[Captioned web images]
[Start of Attachment]

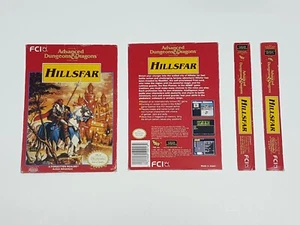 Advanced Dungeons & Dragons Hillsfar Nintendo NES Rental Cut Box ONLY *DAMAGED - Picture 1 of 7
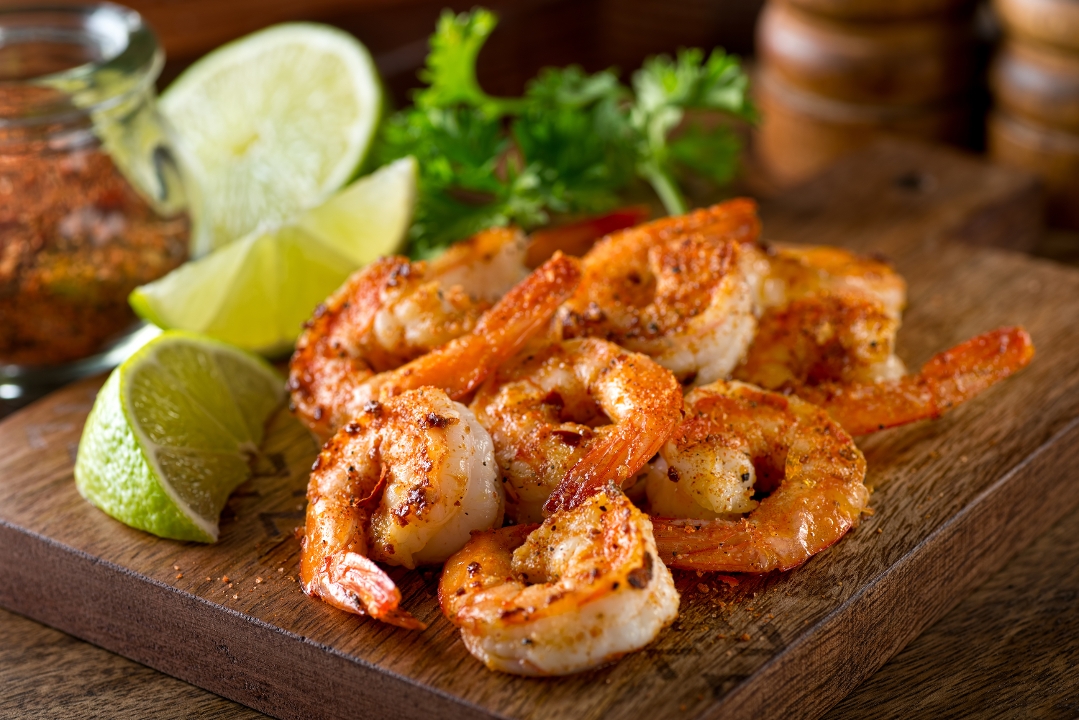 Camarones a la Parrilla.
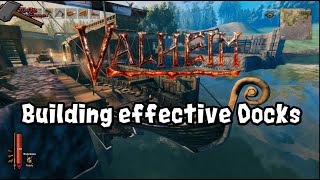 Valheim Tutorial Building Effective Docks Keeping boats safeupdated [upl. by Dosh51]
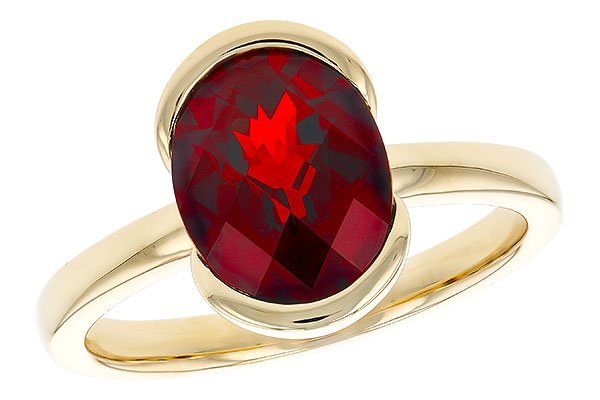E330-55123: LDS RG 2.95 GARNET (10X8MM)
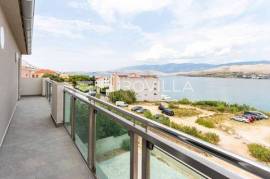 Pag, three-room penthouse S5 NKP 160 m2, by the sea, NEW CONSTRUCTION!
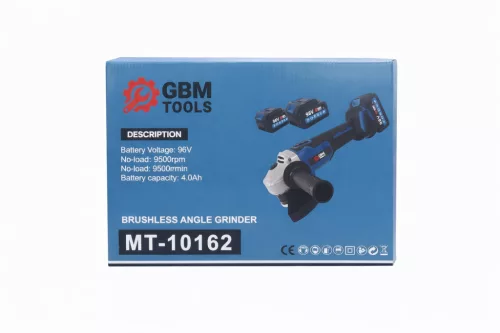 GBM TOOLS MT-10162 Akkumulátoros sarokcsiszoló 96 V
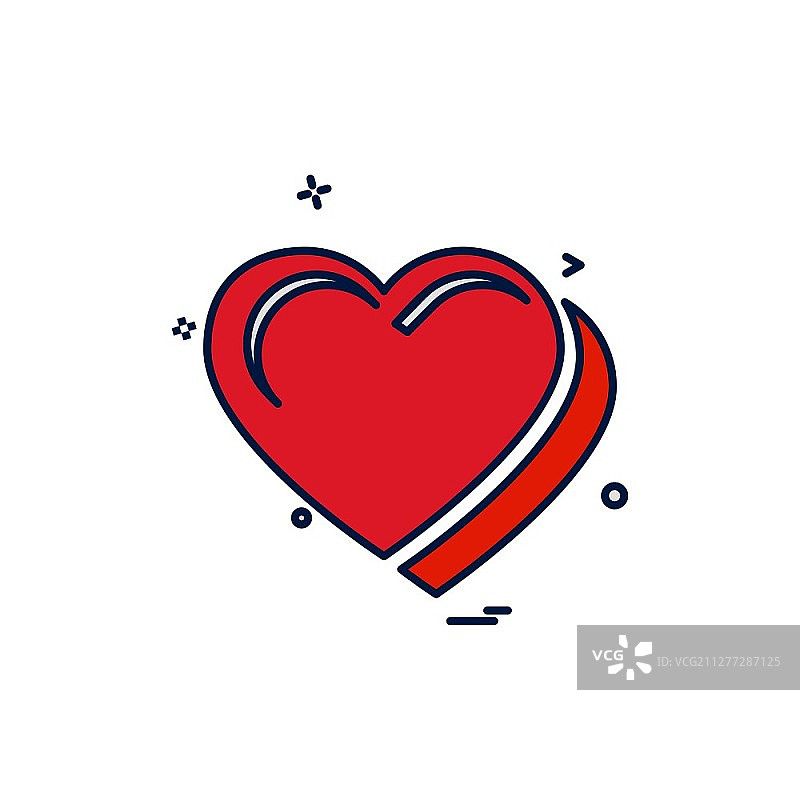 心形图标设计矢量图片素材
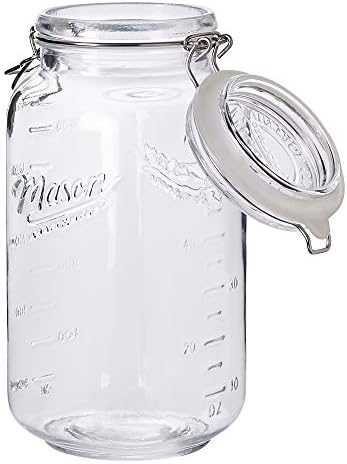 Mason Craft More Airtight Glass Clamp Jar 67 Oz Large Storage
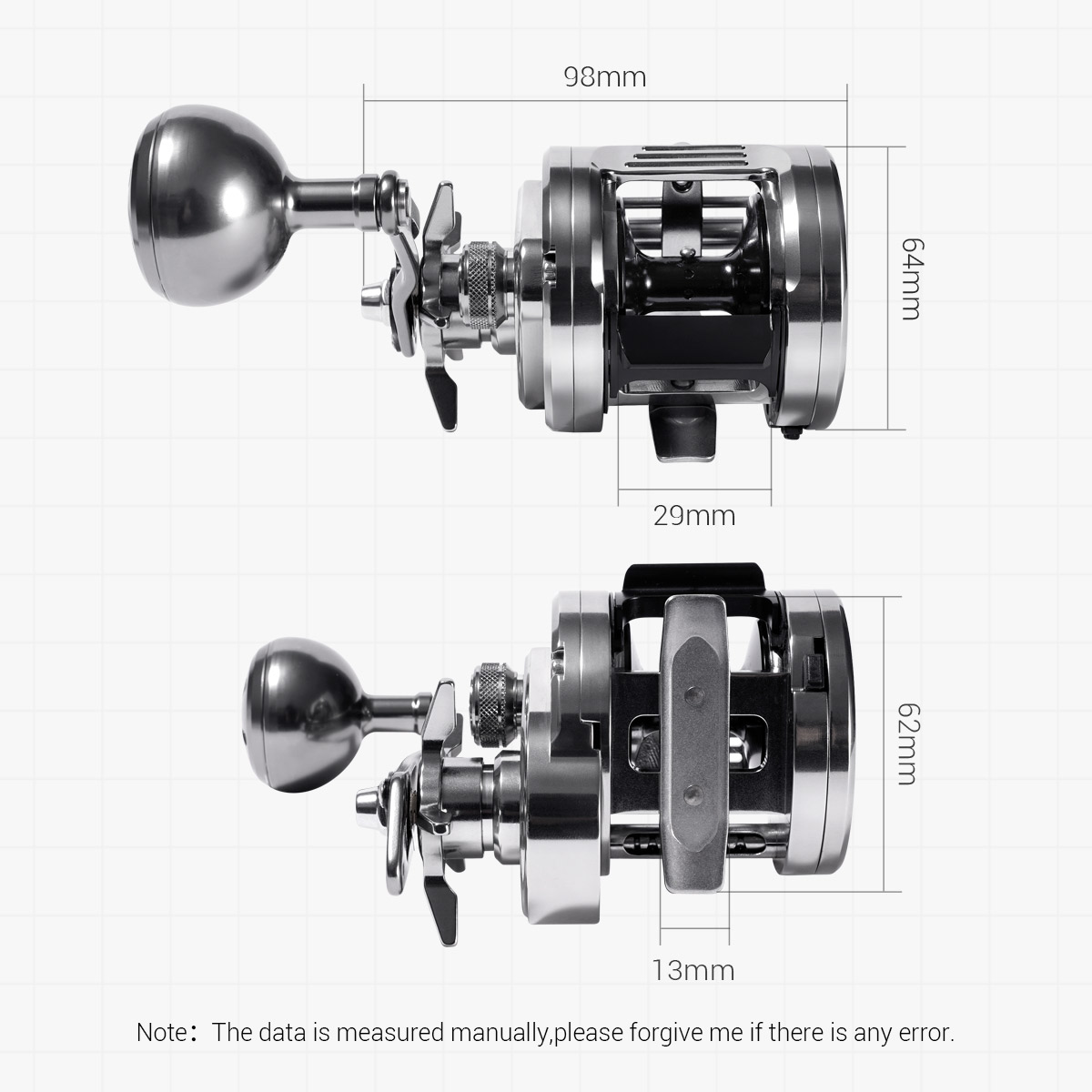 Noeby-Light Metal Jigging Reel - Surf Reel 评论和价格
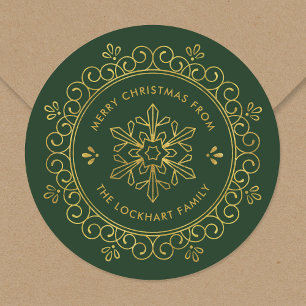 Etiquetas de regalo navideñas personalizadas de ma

[End of Attachment]

[WORK REQUIRED]
In the records above, find the line containing "Mason Craft More" and output every line from the first through that one, exactly, omitting pictures.

[EXERCISE RESPONSE]
 Advanced Dungeons & Dragons Hillsfar Nintendo NES Rental Cut Box ONLY *DAMAGED - Picture 1 of 7
 Camarones a la Parrilla.
 Valheim Tutorial Building Effective Docks Keeping boats safeupdated [upl. by Dosh51]
E330-55123: LDS RG 2.95 GARNET (10X8MM)
 Pag, three-room penthouse S5 NKP 160 m2, by the sea, NEW CONSTRUCTION!
 GBM TOOLS MT-10162 Akkumulátoros sarokcsiszoló 96 V
 心形图标设计矢量图片素材
 Mason Craft More Airtight Glass Clamp Jar 67 Oz Large Storage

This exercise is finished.